Moderniser les procédés. De son côté, Verescence, ex-SGD Parfumerie (voir encadré), repousse lui aussi les limites du verre en présentant The Unbreakable. Le verrier a mis au point un système de protection pour pots et flacons : « Ce nouveau procédé, qui a nécessité deux ans de recherche, consiste à pulvériser un film qui permet de doubler la résistance du verre », présente Astrid Dulau-Vuillet, responsable marketing de Verescence. Contrairement à la plastification, The Unbreakable permet non seulement différents parachèvements et effets de dégradés mais, en plus, il n’altère pas les propriétés du verre du point de vue de la compatibilité avec les formulations. Enfin, la matière pulvérisée est recyclable. Car, outre les résultats esthétiques, l’éco-responsabilité fait partie des préoccupations des verriers. Pochet dévoilera son programme Responsabilité sociale des entreprises (RSE) en fin d’année et imposera une étude de l’impact environnemental de chaque lancement à partir de 2017 tandis que Verescence a profité de Luxe Pack pour présenter le sien, dédié à l’éco-système et à l’éco-conception, mais aussi à l’humain. Trente millions d’euros seront ainsi investis sur le site de Mers-les-Bains pour moderniser les équipements, mais aussi pour accroître le bien-être du personnel.

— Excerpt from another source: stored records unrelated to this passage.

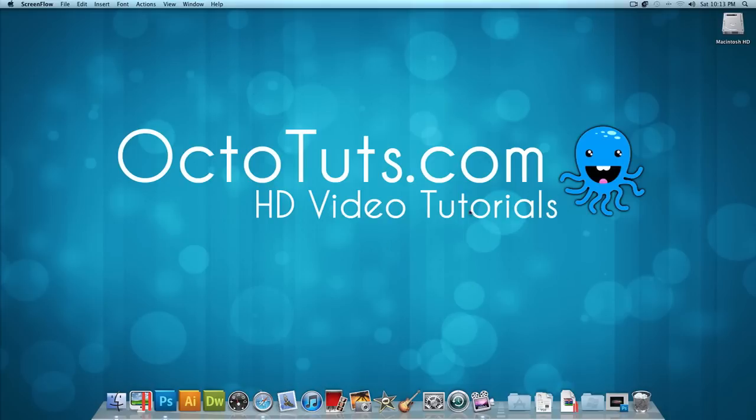Hello and welcome to another video tutorial brought to you by OctoTuts.com. Today we're going to be using Adobe Photoshop to make colorful glow lines. I'll be using Adobe Photoshop CS5 to get the job done in this video, but you can pretty much use any version of Photoshop that you want.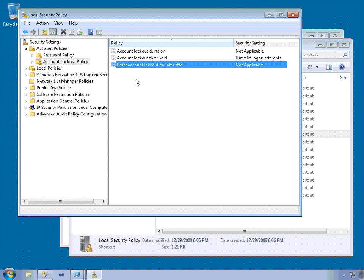So be careful with those settings. All right, so that's where you set the policies that SQL Server will hook into.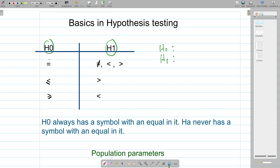If you use the equal symbol in the null hypothesis, then your alternative hypothesis can contain the not-equal sign, the less-than symbol, or the greater-than symbol. That means if your null has the equal sign, you can have the alternative hypothesis with not-equal, or less-than, or greater-than.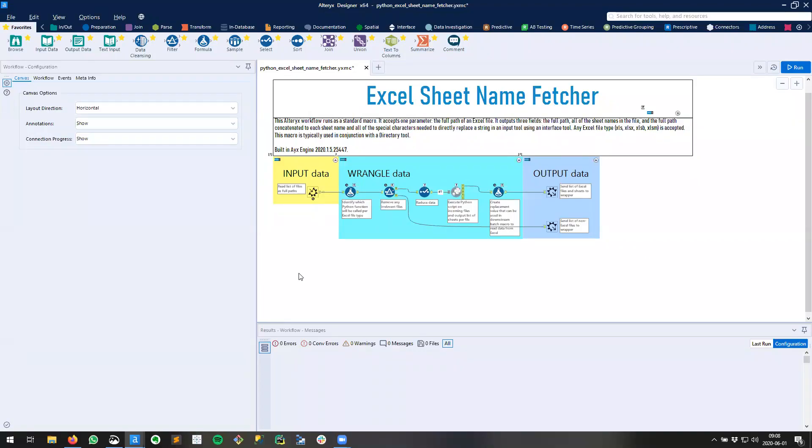In this video I'll show you how to make your own Alteryx dark mode. Alteryx does not ship with a dark mode out of the box like some other applications do. It does let you customize the look and feel of your canvas and that's what we're going to do to make our own dark mode.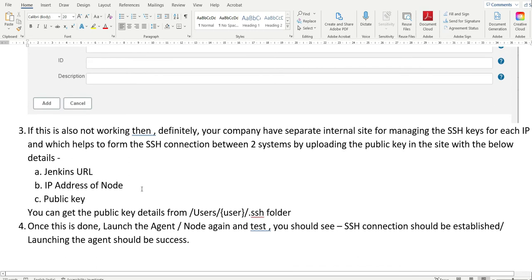One more point: if this is also not working, your company may have a separate internal site for managing SSH keys. This site handles SSH keys for each IP and helps form the SSH connection between two systems by uploading the public key along with details such as the Jenkins URL, IP address of the node, and the public key.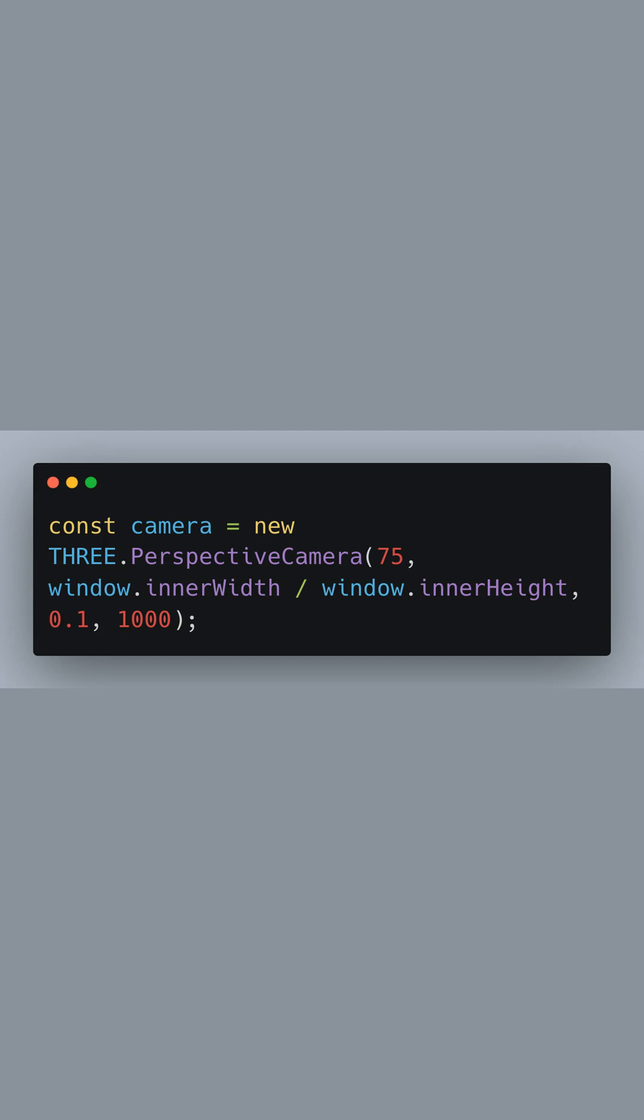The second and third values define the aspect ratio, which we set to the width of the user's window divided by its height, ensuring the image isn't distorted on different screen sizes. The last two numbers denote the camera's near and far clipping planes. These are the limits between which objects are rendered in the scene.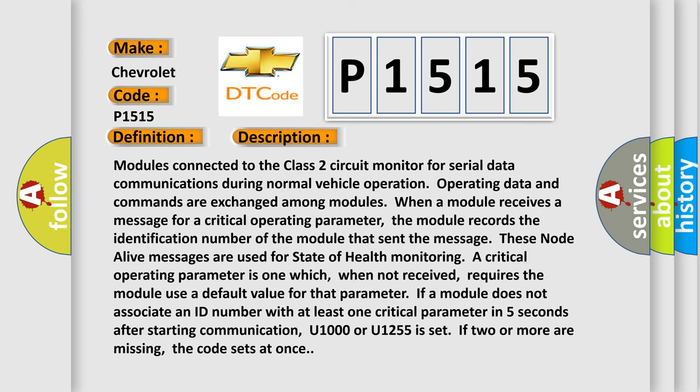The basic definition is Class 2 communications malfunction. Modules connected to the Class 2 circuit monitor for serial data communications during normal vehicle operation. Operating data and commands are exchanged among modules. When a module receives a message for a critical operating parameter, the module records the identification number of the module that sent the message. These node alive messages are used for state of health monitoring. A critical operating parameter is one which, when not received, requires the module to use a default value for that parameter. If a module does not associate an ID number with at least one critical parameter within five seconds after starting communication, U1000 or U1255 is set. If two or more are missing, the code sets at once.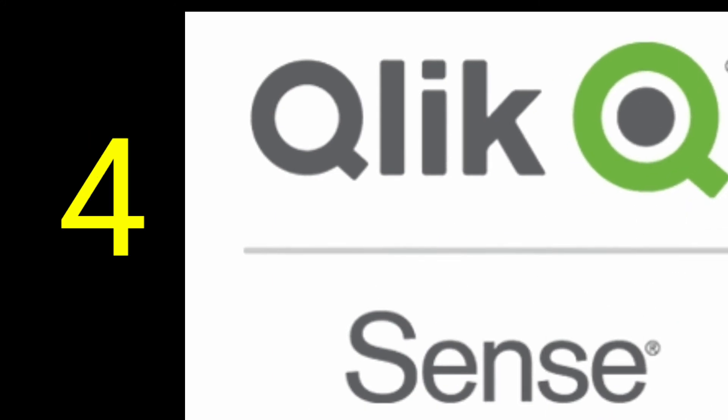The next tool is Qlik Sense, a modern data visualization platform that helps you extract insights from your data by transforming it into visualized graphs, simplifying your work and better decision-making for your business. This tool combines two powerful things: artificial intelligence and human intuition, by simply dragging and dropping to create beautiful data visualizations.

SGD Parfumerie est devenu Verescence Clap de fin pour Saint-Gobain-Desjonquières : en changeant de nom, Verescence, anciennement SGD Parfumerie, sonne la séparation définitive d’avec sa maison-mère. Entamée il y a trois ans, la scission entre les activités pharmacie et beauté avait donné naissance à deux entreprises indépendantes. L’adoption d’un nouveau nom se veut être le symbole d’une nouvelle étape d’une société en pleine mutation : “Pour des raisons légales, nous devions changer le nom depuis la séparation des activités et cherchions un terme qui traduise notre savoir-faire”, explique Astrid Dulau-Vuillet, responsable marketing. Ce sera donc Verescence, un mot-valise à la sonorité française qui fait se rencontrer le verre et le suffixe -escence, qui signifie la transformation.